Joseph Hanley Marshall (February 19, 1876 – September 11, 1931), nicknamed "Home Run Joe", was an American outfielder in Major League Baseball for the Pittsburgh Pirates and St. Louis Cardinals. He also played 12 years in the minor leagues. Marshall stood at and weighed 170 lbs.

==Career==
Joseph Marshall was born in Audubon, Minnesota. He started his professional baseball career in 1897, in the Red River Valley League. He played on the Montana State League's Helena Senators in early 1900 but was then traded to the Great Falls Indians for one player and US$200. The player he was traded for was future Hall of Famer Joe Tinker. The following season, Marshall went to the Spokane Blue Stockings of the Pacific Northwest League. He was a shortstop for the only time in his career and fielded at a .848 clip, but he also batted .291 and slugged 15 home runs. In 1902, he raised his batting average to .309 but hit just 6 homers.

1903 was Marshall's big year. Playing for the San Francisco Pirates of the Pacific National League, he batted .343 with a league-leading 25 home runs. The home run total was more than double of any other player in the league. He also led the circuit in slugging percentage (.601) and total bases (282) and was the overall "minor league slugging champion" that year.

Marshall was acquired by the Pittsburgh Pirates towards the end of the season, and he made his major league debut on September 7. In 10 games, he went 6 for 23 (.261) with 2 runs batted in. The Pirates won the National League pennant and faced the Boston Americans in the 1903 World Series. Marshall was in the teams' dugout during the series but did not play, and the Pirates lost in eight games.

Marshall returned to the Pacific National League in 1904 and hit .345. His 10 homers ranked second overall. He then played for the Northwestern League's Vancouver Veterans in 1905. By this time, he was being referred to as "Home Run Joe Marshall" by Sporting Life. He hit .298 with a league-leading 7 home runs that season (again more than double the total of any other player). However, he quit the team in late August, saying that he was "done with base ball."

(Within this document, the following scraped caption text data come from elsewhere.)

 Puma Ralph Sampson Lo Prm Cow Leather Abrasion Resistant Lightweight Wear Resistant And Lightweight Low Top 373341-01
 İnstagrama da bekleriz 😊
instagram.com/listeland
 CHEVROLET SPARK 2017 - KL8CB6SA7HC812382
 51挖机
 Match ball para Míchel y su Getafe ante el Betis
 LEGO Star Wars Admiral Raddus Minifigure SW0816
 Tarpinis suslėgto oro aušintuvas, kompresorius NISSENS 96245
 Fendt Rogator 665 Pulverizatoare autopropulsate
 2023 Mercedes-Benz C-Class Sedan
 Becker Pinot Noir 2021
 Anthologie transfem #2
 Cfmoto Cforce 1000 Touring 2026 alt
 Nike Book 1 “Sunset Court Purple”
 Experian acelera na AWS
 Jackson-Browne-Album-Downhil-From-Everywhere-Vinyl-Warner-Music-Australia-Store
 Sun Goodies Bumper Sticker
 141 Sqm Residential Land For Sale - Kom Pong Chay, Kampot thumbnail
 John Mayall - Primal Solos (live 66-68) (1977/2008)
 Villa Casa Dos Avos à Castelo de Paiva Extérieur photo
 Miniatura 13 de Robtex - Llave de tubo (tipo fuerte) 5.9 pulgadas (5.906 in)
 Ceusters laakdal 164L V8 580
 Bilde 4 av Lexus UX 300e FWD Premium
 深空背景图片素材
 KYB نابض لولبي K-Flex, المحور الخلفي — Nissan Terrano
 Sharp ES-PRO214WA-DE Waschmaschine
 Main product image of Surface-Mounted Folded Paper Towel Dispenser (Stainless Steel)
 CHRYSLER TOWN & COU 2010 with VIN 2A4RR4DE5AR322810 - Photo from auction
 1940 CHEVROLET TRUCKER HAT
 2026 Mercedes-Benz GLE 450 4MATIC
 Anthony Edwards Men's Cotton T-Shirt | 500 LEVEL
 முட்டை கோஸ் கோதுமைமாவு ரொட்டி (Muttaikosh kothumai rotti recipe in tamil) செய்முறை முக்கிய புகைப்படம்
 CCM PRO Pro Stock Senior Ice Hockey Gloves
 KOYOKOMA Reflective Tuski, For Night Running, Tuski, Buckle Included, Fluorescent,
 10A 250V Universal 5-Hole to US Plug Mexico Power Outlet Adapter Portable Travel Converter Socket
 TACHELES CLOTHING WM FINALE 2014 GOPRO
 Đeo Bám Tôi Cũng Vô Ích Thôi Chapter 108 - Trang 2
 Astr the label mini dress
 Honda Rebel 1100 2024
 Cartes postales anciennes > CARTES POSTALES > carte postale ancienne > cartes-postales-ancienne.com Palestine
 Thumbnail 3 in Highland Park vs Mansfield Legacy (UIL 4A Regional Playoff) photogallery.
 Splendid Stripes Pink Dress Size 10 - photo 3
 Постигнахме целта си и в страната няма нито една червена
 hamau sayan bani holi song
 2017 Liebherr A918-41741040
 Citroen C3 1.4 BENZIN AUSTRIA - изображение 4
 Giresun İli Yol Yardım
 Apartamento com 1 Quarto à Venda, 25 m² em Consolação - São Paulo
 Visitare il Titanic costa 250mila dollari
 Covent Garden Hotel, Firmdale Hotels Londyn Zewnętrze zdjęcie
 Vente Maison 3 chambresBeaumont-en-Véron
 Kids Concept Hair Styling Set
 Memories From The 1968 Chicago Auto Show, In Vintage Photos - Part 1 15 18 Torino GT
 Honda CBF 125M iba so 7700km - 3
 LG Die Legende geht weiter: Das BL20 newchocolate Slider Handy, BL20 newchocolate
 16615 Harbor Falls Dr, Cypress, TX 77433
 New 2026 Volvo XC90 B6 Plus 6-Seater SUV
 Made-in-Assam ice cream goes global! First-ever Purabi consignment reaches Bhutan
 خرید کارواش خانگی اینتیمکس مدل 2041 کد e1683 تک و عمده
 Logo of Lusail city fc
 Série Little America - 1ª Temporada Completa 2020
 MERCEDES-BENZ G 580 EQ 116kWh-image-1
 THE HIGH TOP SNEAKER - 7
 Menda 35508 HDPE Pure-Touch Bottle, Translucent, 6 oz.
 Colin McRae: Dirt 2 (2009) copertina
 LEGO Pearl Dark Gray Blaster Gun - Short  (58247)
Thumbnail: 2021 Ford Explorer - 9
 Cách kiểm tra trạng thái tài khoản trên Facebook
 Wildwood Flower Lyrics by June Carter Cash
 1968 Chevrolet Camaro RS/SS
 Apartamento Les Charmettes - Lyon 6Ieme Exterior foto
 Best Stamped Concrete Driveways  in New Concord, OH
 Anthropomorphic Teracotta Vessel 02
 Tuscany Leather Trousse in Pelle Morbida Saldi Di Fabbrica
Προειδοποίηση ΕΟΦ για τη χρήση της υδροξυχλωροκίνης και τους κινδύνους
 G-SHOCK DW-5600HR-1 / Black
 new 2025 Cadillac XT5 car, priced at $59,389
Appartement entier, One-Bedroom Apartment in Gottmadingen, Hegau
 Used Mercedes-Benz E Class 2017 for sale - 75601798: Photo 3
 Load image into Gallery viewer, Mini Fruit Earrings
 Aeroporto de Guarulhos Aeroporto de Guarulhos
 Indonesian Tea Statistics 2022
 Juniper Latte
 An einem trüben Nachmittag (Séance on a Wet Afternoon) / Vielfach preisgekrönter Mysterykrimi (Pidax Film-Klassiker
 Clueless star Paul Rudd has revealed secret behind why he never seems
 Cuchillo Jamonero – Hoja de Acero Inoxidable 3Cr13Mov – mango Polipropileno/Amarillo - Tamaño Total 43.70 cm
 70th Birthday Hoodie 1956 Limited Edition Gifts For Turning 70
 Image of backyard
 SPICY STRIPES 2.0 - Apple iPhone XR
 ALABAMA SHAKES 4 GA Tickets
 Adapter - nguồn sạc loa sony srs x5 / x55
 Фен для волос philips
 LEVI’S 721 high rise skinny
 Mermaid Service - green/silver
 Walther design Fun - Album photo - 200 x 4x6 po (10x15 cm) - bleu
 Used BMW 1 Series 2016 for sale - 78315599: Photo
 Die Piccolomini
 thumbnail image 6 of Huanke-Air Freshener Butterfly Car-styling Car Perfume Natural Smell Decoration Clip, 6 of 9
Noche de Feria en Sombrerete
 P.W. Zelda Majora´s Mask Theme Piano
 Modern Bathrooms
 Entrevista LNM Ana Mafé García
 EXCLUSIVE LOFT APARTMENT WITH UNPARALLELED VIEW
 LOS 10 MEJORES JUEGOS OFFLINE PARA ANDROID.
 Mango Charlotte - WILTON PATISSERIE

The following season, Marshall was back in baseball, this time with the St. Louis Cardinals. He played in 33 games and batted .158 with 0 home runs and 2 RBI. His final major league appearance was on August 17, 1906. In 1907, Marshall returned to the Pacific Northwest League but batted just .197 in 17 games. In 1909, he moved down to the Class D Inter-Mountain League and hit .231.

Marshall then spent 1911 through 1913 with the Union Association's Butte Miners. He had his last good season in 1911, when he batted .320 and finished second in the league in both home runs (12) and slugging percentage (.548). After hitting .275 in 1913, he retired from professional baseball. Overall, Marshall collected 991 hits, including 79 homers, in 825 career minor league games. He played in 43 major league games and did not hit a single home run.

Marshall died in 1931 in Santa Monica, California. He was buried in Rosedale Cemetery.